A ocupação de imóveis antigos nas áreas centrais ainda auxilia a redução do déficit habitacional nas grandes cidades, pois muitos imóveis dotados de valor histórico e cultural estão desocupados e poderiam ser revertidos em moradias populares. Complementando os projetos de habitação social, a inauguração de empreendimentos de alto padrão, a diversificação do comércio e a implementação de hotéis permitem o aumento do fluxo de recursos financeiros, trazendo novos investimentos e a criação de novos empregos, conferindo vitalidade à essas regiões. Esse conjunto de fatores contribui com a sustentabilidade cultural do patrimônio, sendo fundamental para a sua preservação.

Por essa razão, o Instituto do Patrimônio Histórico e Artístico Nacional (Iphan), por meio da portaria nº 375/2018, reconheceu a necessidade de se garantir a sustentabilidade ambiental, social e econômica do patrimônio edificado (artigo 55).

Artigo 55. As ações e atividades de Conservação, buscando contribuir para a sustentabilidade dos bens protegidos, devem:
[…]

III – Fomentar os usos tradicionais, o uso habitacional e demais usos que apoiem e incentivem a permanência, nas imediações do bem, da população em suas rotinas diárias; e
IV – Agregar soluções que visem à eficiência energética, à diminuição da geração de resíduos e ao uso de materiais e técnicas que minimizem o impacto ao meio ambiente.”

Conforme a normativa do órgão, apesar de os projetos de conservação terem como elemento central a preservação dos imóveis, não podem deixar de incluir ações que garantam a sua sustentabilidade.

Diante do exposto, conclui-se que não apenas é possível, mas também recomendado, aplicar o conceito de desenvolvimento sustentável ao patrimônio cultural. Nesse sentido, destaca-se que gerir o patrimônio cultural edificado de maneira sustentável é uma tendência no mundo contemporâneo, porquanto se trata de uma forma de conciliar a sua proteção com o desenvolvimento social, econômico e a preservação do meio ambiente natural. Apenas assim poderá ser preservado para as próximas gerações.

 


[2] FIORILLO, Celso Antonio P. Curso de Direito Ambiental Brasileiro. 20.ed. São Paulo: Saraiva, 2020. 

[3] BRASIL. Constituição Federal. Brasília, DF: Senado Federal, 1988.

[7] Apesar de os termos preservação e conservação terem acepções distintas para o Direito Ambiental, elas não serão apresentadas no presente artigo.
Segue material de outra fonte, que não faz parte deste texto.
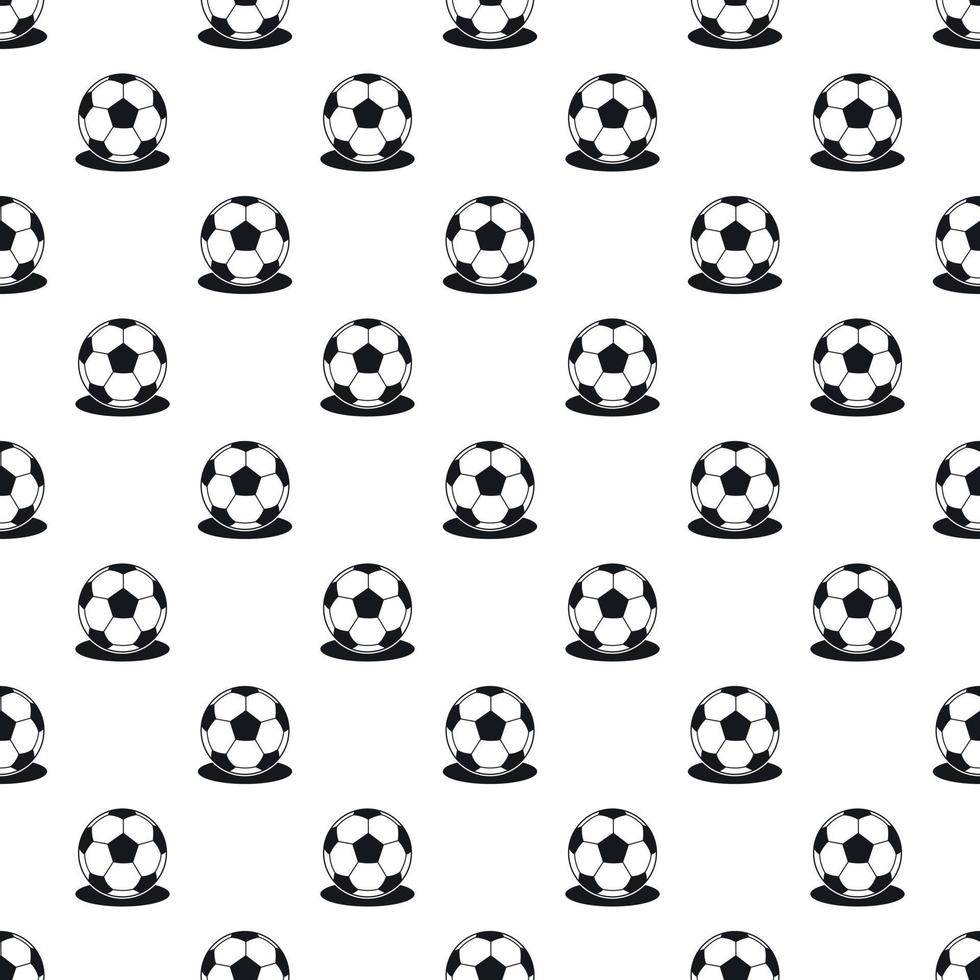 Soccer ball pattern, simple style vector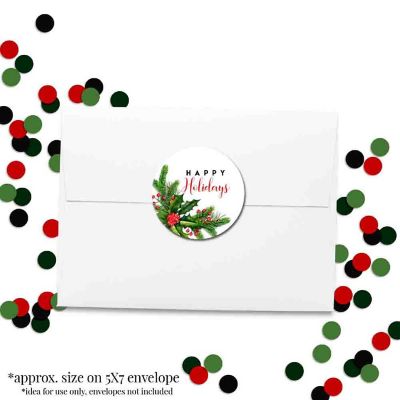 AmandaCreation Holly and Pine Envelope Seals 40pc. Image 2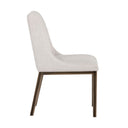 Beige Linen Dining Chairs set of 2 Halden by Matho Sun, view 2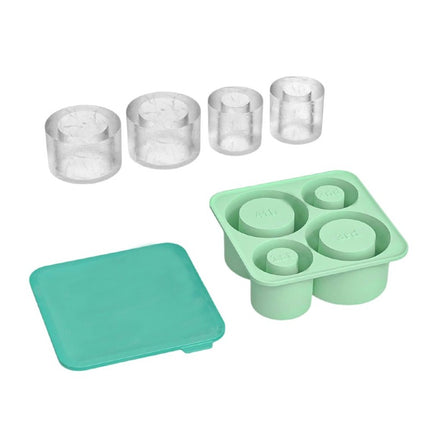 All-in-one Ice Tray for Tumbler Cup Silicone Ice Cube Molds Half Cup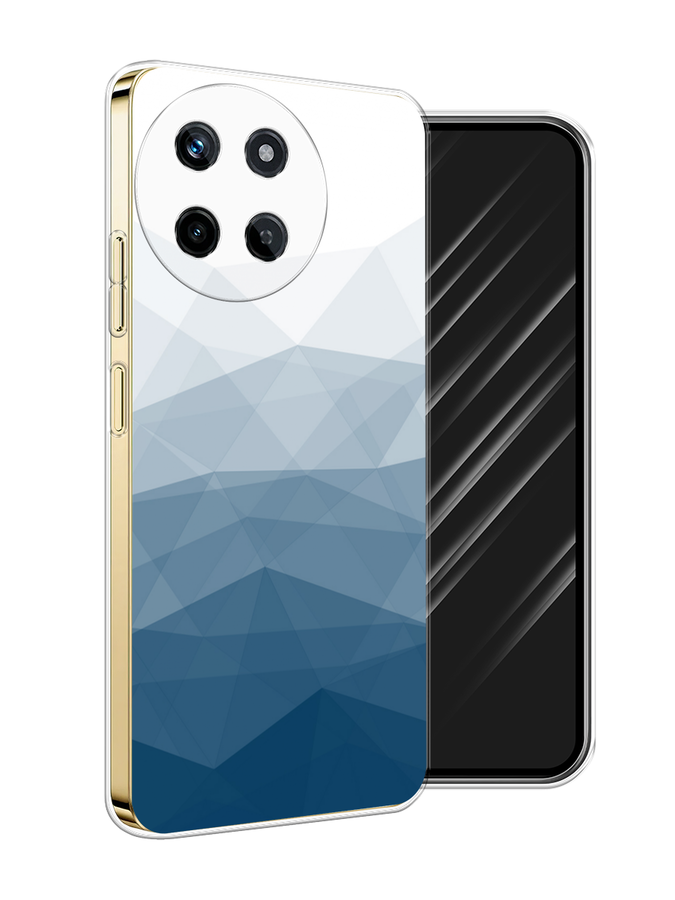 

Чехол Awog на Realme 11 4G "Абстракция небо", Синий;голубой;белый, 2515150-1
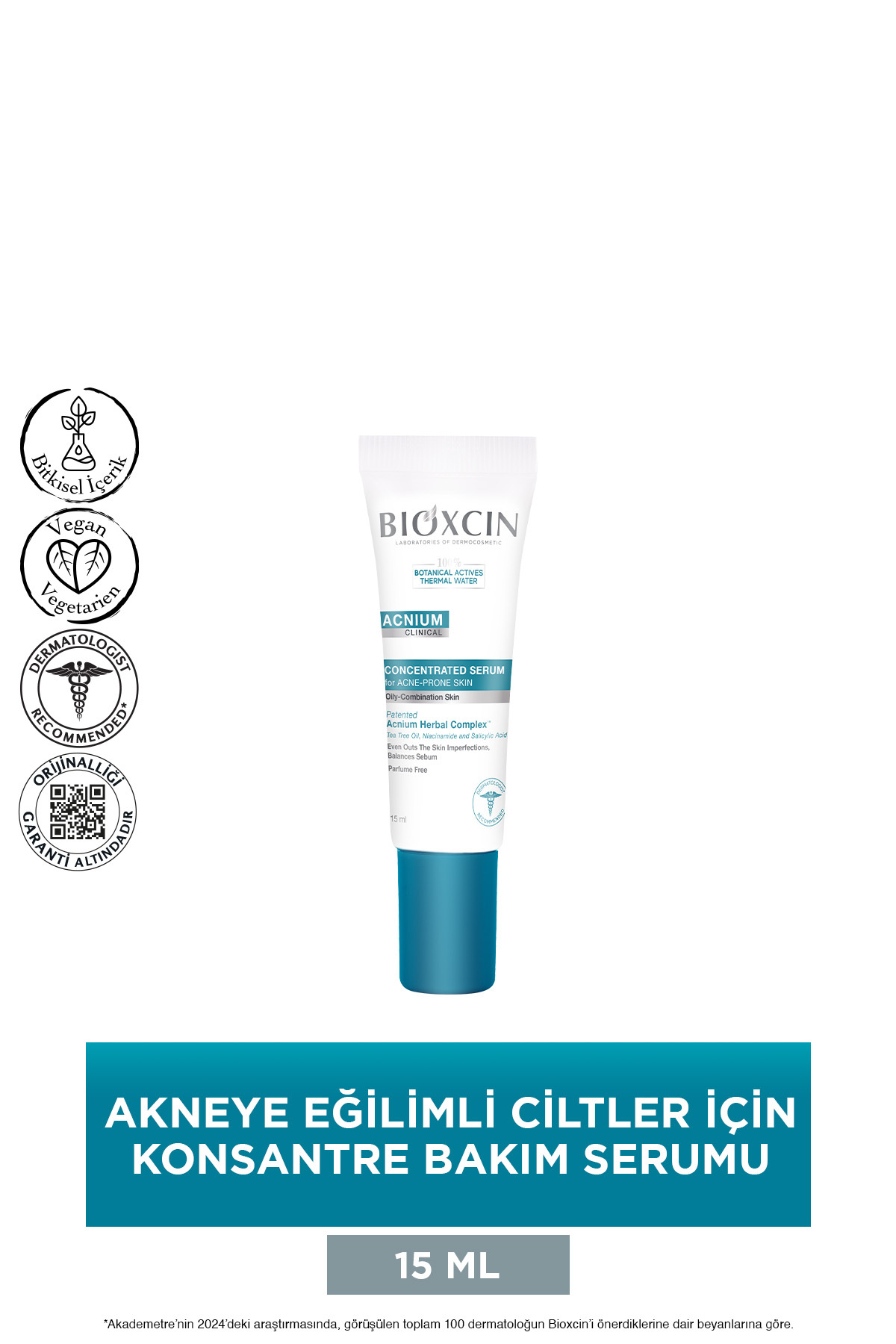 BİOXCİN ACNİUM KONSANTRE BAKIM SERUMU 15 ML-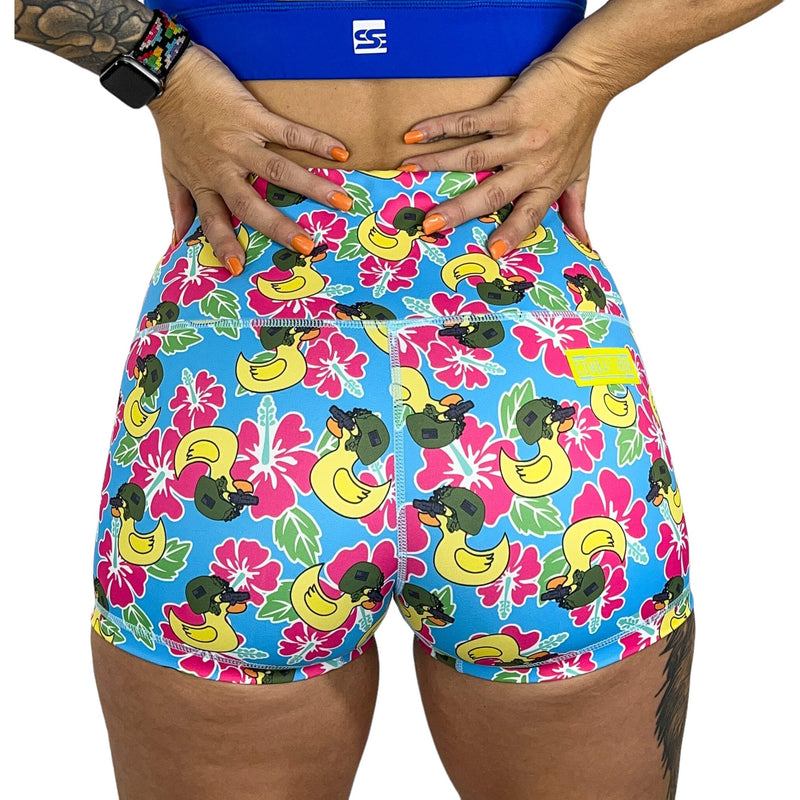 Load image into Gallery viewer, Ladies Seamless Front Performance Training Shorts V3
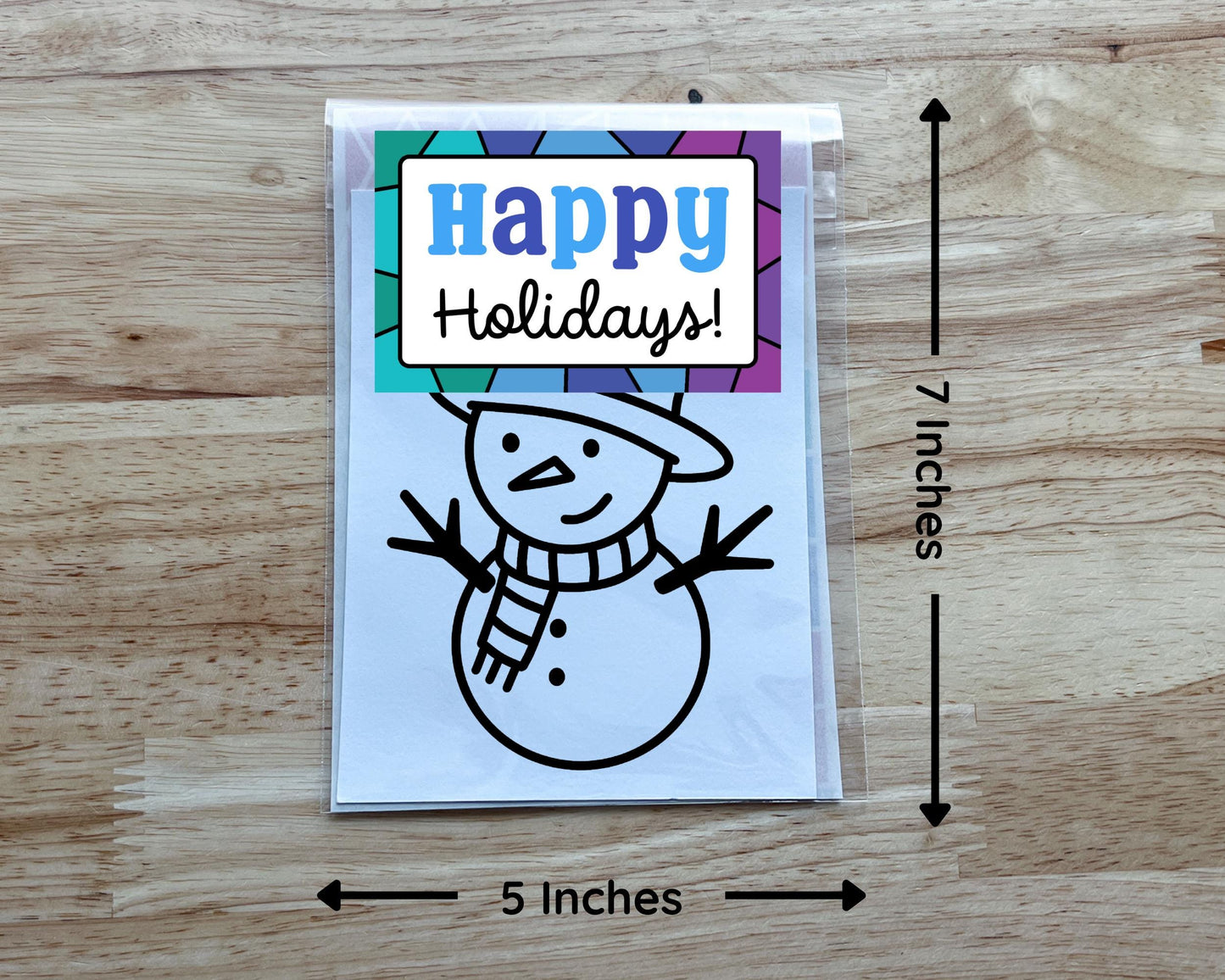 Snowmen Suncatcher Sticker Holiday Craft Kit, Set of 4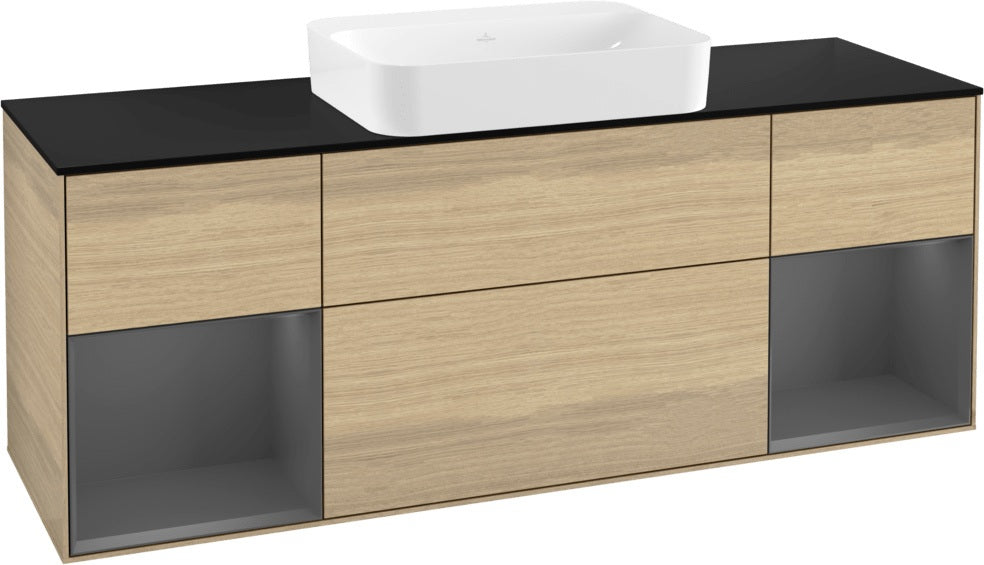 Villeroy & Boch Finion Waschbeckenunterschrank 1600 mm Glossy White Lacquer mit Beleuchtung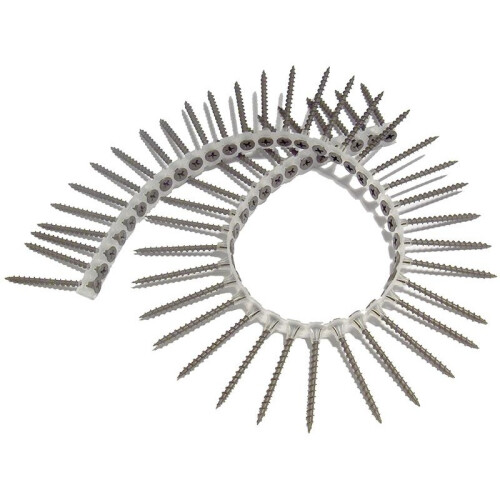 Forgefix Forgefix Collated Drywall Screws, Phillips, Bugle Head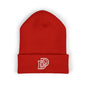 Embroidered Monogram Cuffed Beanie — Classic Initial D Knit Hat
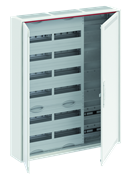 Шкаф 144М навесной с медиапанелями IP30, 950x800x160 между DIN-рейками 125 мм и самозажимными клеммами N/PE и дверью с вент. отверстиями CA36VML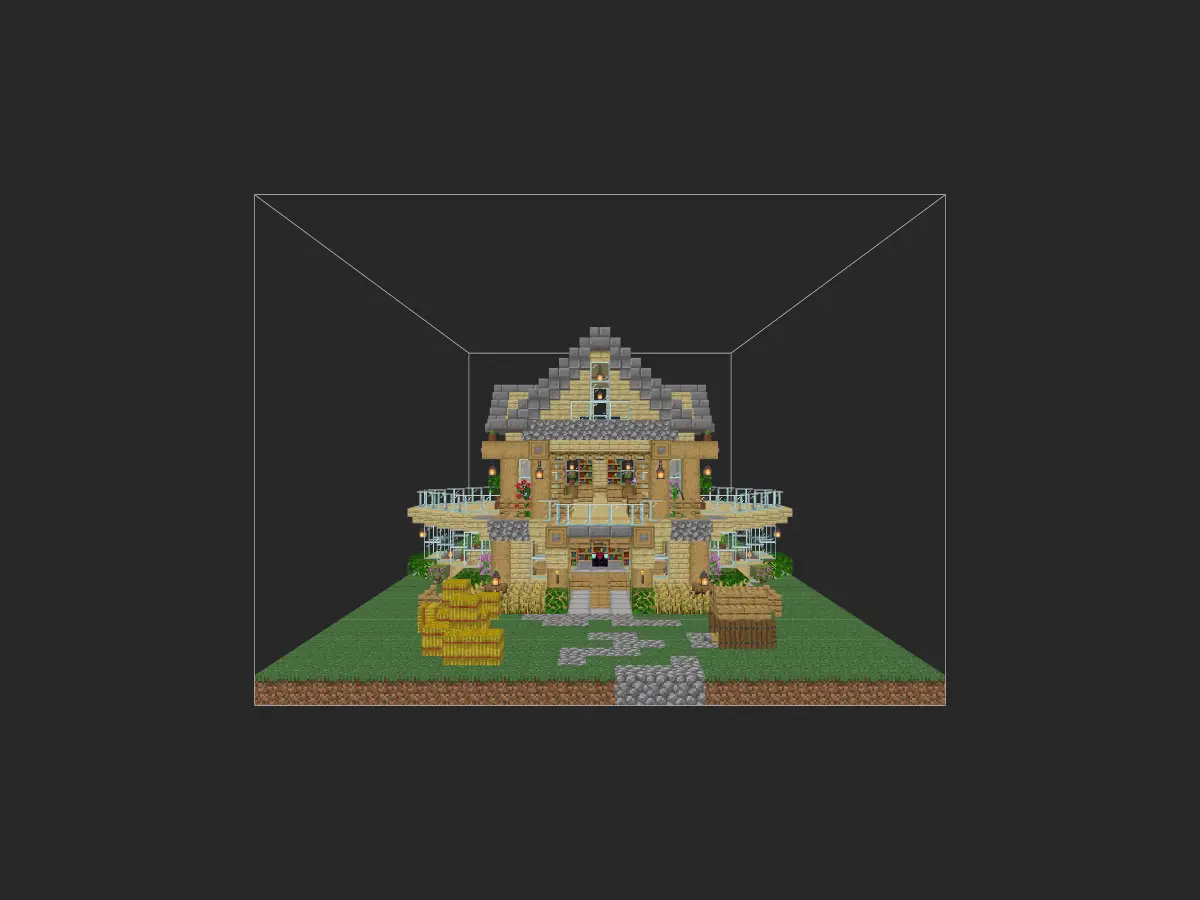 我的世界新手向建筑教程：超级简单的萌新快乐房（我的世界投影）——材料随处可见！-投影工坊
Optou-se por utilizar o termo “preservação” genericamente, por ser o mais usual quando se quer referir à integridade dos bens culturais.

[9] ALIER, Joan Martínez. O Ecologismo dos Pobres: conflitos ambientais e linguagens de valoração. São Paulo: Contexto, 2009. p. 243.

[11] PEREIRA, op. cit., p. 5.

[12] Ibidem.

[13] PINHEIRO, Filipa Serôdio. Novos usos de edifícios como forma de reabilitação urbana. 2015. Dissertação (Mestrado em Direito Geral) – Universidade Católica Portuguesa. Coimbra, Porto, 2015.